Tout le monde ne peut certes pas débuter sa carrière par Citizen Kane, et le film accumule les erreurs (de débutant) : théâtralité verbeuse – on y parle (presque) plus en soixante-deux minutes que dans le reste de sa filmographie –, symbolisme kolossal – guerre anonyme, acteurs (dont Paul Mazursky, pas encore cinéaste) en belligérants dédoublés, radeau de déréliction emprunté à Géricault – et scénario exsangue – le meurtre tue le film – mais il déploie également des qualités qui s’épanouiront bientôt à l’intérieur de genres populaires (le polar, le péplum, la comédie sentimentale, la satire, la science-fiction, le mélodrame ou l’horreur, pour un auteur souvent présenté comme leur Attila) : beauté de la photographie, trahissant le passé proche de Kubrick, composition admirable des cadres (la victime de profil attachée à son arbre de douleur avec une ceinture d’uniforme, à la fois proue sculptée de navire (préfigurant Héra dans Jason et les argonautes) et saint Sébastien féminin dans l’attente de flèches qui ne viendront pas, car elle périra d’une balle dans le dos, rapide trépas « préférable » aux calvaires endurés par les proies suppliciées de Brian De Palma dans Outrages et Redacted) ou sensualité onirique nimbée de folie, qui éclate en accès brusques (la mort du général), retrouvée au centuple dans l’anxiogène et autobiographique Eyes Wide Shut, le dernier opus bouclant ainsi la boucle avec le tout premier.

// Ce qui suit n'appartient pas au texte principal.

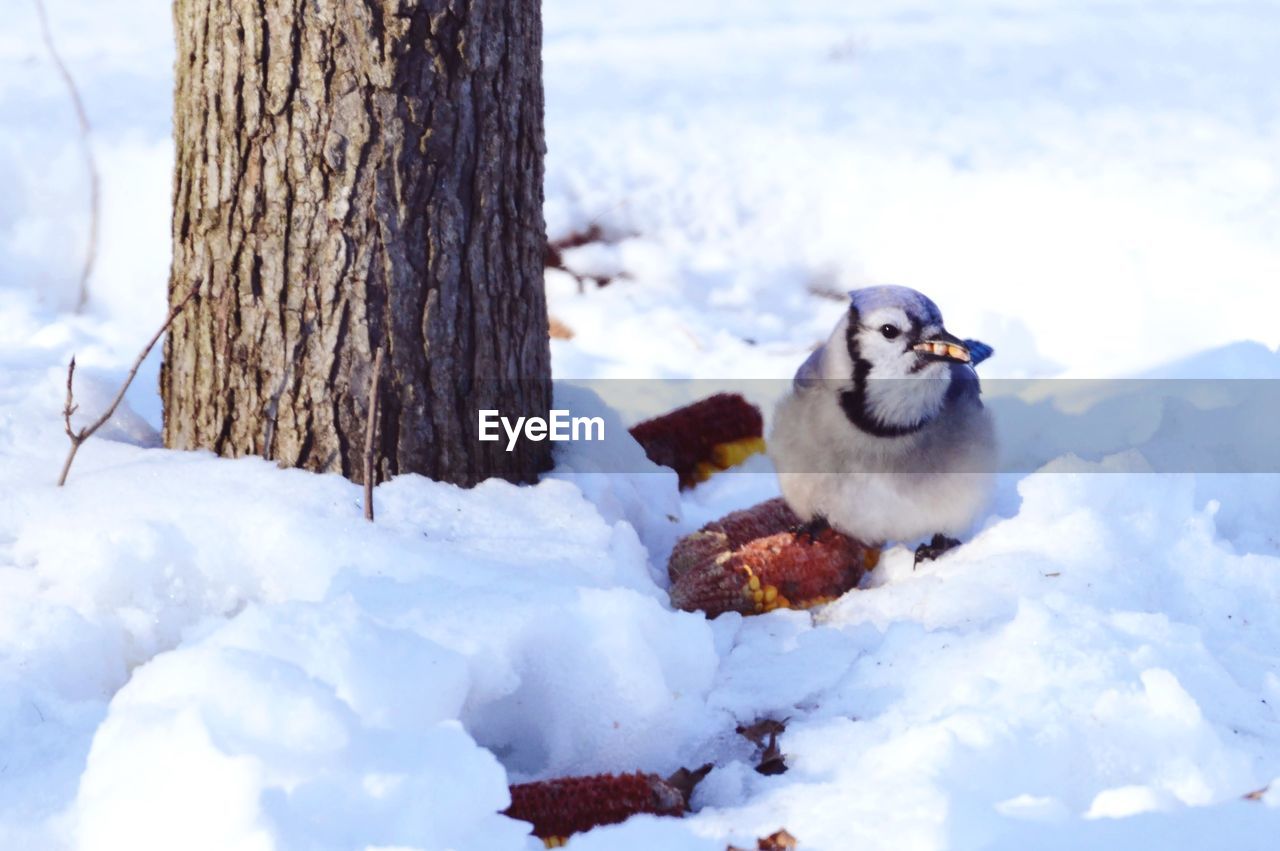 VIEW OF AN ANIMAL ON SNOW
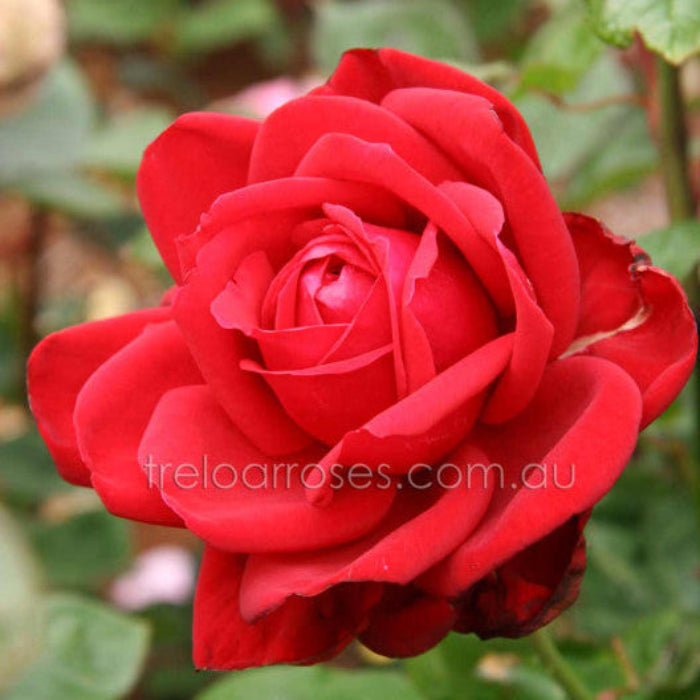 Close-up of a red rose with green leaves in the background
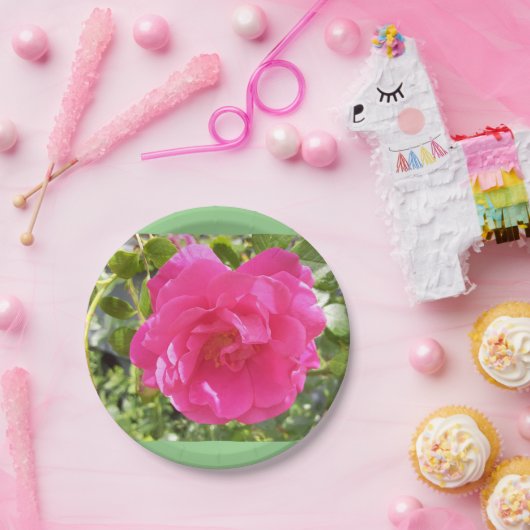 Rosa Papierplatte Pappteller (Party)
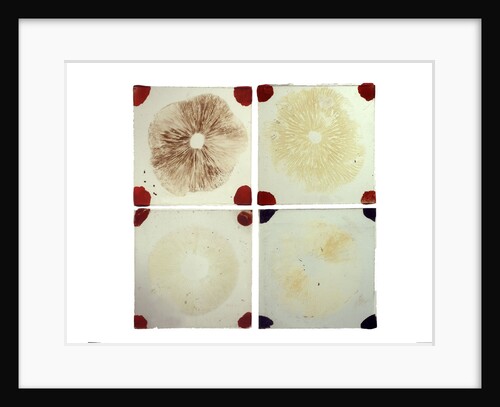 Four microscope slides showing an object similar to those marked AST103950 by unknown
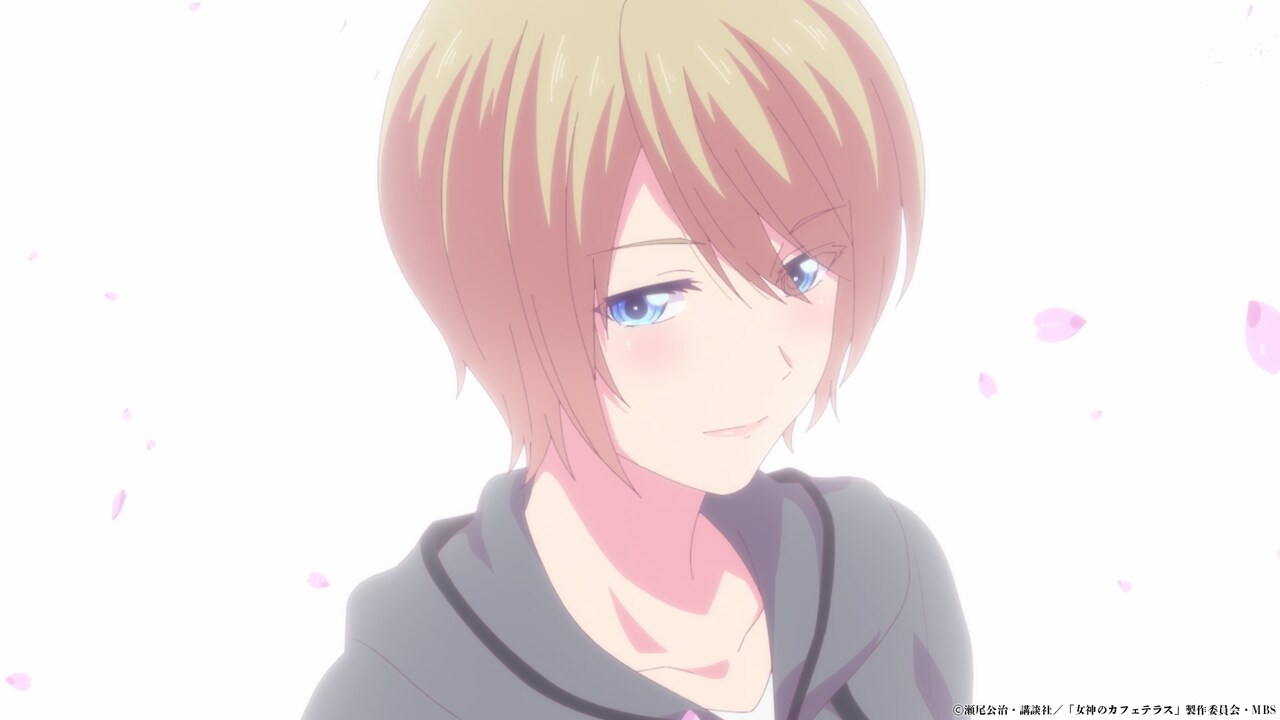 女神のカフェテラス 全20巻+紅葉本 女神のカフェテラス公式@最新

Bien sûr, le film travaille pour la première fois le motif martial, esthétique et politique, formant avec Les Sentiers de la gloire et Full Metal Jacket (dans Docteur Folamour, aucun combat ne figure, pas même une bataille de tartes à la crème entre les puissants irresponsables de ce monde, puisque coupée au montage) une trilogie rageuse et drolatique. Voici sans doute ce qui manque le plus à ce séduisant mais bien trop sérieux essai : l’ironie et le sentimentalisme qui caractériseront l’œuvre à venir. Avec Fear and Desire, Kubrick se cherche encore et laisse plutôt présager Coppola (durant la dérive finale sur le fleuve, on s’attend à voir la berge constellée des trophées macabres d’Apocalyspe Now) et surtout Malick (absurde conflit humain en miroir d’une nature placide saisie par un regard volontiers panthéiste, voix off énonçant les mouvements de conscience des personnages, rythme languide et structure circulaire, les soldats finissant par revenir sur le « théâtre des opérations » après leur évasion en avion, à l’instar de l’écrivain raté (et mauvais père) de Shining rejoignant in fine son labyrinthe enneigé ou sa salle de bal (mentale), davantage que lui-même. 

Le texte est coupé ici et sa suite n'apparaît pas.